> _Aim of the exercise_
Once you reach the line that holds "바비킴은 아버지이자 트럼펫" in the listing below, output it and every line after it through the line that holds "Used Geely Auto", word for word.
─── Data under study
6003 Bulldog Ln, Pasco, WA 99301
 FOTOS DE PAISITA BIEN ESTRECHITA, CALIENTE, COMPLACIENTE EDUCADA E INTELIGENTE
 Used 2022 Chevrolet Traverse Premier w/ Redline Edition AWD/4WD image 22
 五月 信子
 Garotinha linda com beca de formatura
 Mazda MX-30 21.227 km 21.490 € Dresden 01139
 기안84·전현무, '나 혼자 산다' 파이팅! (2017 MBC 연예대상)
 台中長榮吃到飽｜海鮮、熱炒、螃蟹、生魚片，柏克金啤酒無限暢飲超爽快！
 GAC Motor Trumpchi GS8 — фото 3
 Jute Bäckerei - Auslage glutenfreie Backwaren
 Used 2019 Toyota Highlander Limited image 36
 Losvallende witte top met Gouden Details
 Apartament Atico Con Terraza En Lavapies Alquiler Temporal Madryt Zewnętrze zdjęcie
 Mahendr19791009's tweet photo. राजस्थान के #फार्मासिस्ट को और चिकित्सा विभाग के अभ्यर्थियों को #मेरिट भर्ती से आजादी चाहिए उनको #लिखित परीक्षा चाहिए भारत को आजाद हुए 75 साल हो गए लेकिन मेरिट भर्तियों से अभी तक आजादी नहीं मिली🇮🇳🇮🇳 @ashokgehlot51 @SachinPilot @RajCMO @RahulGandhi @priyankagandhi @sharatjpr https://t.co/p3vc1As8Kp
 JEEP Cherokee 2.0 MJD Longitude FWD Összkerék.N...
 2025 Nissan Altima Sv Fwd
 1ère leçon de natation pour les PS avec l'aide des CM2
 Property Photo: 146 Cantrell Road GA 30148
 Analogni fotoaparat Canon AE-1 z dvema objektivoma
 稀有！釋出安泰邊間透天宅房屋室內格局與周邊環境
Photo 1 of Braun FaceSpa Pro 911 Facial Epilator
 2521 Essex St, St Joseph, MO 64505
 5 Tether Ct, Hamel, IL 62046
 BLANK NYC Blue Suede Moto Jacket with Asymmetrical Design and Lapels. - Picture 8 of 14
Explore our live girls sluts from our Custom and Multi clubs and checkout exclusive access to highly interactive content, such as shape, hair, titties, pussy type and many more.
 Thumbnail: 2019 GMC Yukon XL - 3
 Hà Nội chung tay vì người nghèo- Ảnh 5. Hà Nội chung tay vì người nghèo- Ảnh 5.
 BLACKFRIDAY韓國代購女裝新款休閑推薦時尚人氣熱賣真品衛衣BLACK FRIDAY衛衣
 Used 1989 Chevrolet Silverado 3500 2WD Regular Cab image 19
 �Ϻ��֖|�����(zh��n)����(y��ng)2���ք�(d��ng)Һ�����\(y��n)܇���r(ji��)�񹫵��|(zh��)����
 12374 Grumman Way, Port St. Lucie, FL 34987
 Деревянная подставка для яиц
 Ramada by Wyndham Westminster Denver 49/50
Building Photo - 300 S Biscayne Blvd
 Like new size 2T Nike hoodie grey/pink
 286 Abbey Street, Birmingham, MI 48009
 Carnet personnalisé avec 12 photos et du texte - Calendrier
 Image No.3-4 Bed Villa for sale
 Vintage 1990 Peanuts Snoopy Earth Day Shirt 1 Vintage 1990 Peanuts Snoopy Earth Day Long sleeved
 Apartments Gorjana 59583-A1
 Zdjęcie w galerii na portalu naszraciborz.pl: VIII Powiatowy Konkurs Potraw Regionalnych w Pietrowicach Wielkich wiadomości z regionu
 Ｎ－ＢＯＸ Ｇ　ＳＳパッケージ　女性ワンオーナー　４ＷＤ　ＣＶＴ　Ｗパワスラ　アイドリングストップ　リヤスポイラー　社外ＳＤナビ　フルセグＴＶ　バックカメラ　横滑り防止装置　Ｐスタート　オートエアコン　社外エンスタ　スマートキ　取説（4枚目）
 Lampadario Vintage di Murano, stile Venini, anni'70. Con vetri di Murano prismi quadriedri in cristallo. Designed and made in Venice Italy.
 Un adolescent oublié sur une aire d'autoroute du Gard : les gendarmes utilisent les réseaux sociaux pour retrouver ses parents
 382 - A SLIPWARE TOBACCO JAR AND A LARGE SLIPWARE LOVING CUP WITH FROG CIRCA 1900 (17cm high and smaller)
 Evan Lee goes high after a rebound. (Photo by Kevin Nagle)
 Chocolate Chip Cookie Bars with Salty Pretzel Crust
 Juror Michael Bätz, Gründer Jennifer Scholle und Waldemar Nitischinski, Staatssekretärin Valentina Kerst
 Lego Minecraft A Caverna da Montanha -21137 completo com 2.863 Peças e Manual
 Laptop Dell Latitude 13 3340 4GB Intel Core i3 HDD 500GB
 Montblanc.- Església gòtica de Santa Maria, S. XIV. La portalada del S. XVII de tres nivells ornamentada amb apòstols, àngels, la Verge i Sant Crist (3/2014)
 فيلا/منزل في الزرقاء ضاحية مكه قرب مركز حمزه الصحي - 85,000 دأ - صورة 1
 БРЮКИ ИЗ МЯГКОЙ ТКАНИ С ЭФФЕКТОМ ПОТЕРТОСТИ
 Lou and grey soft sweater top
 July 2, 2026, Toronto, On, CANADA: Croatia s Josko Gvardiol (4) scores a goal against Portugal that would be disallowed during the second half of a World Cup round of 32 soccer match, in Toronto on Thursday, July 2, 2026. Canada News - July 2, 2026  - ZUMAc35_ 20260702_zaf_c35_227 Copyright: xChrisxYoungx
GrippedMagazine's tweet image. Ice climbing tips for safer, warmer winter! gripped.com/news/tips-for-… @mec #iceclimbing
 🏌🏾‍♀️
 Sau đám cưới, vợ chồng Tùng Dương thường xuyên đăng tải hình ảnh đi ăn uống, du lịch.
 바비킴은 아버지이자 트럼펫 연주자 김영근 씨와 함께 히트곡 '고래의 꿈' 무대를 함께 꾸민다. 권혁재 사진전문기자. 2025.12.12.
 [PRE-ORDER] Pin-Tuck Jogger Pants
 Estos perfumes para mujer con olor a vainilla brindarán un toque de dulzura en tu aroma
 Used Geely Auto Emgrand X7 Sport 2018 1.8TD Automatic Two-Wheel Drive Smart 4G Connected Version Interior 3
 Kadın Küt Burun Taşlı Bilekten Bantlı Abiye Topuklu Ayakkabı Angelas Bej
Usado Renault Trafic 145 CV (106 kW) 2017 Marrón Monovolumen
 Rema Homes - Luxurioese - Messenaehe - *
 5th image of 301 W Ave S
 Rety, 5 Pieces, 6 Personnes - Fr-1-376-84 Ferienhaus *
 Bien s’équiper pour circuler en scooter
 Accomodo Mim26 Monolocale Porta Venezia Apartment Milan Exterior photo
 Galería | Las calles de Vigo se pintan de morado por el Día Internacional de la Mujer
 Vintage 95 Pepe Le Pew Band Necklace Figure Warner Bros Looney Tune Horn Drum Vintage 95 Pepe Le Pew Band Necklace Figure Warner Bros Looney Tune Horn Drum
──────
> _Written response_
 바비킴은 아버지이자 트럼펫 연주자 김영근 씨와 함께 히트곡 '고래의 꿈' 무대를 함께 꾸민다. 권혁재 사진전문기자. 2025.12.12.
 [PRE-ORDER] Pin-Tuck Jogger Pants
 Estos perfumes para mujer con olor a vainilla brindarán un toque de dulzura en tu aroma
 Used Geely Auto Emgrand X7 Sport 2018 1.8TD Automatic Two-Wheel Drive Smart 4G Connected Version Interior 3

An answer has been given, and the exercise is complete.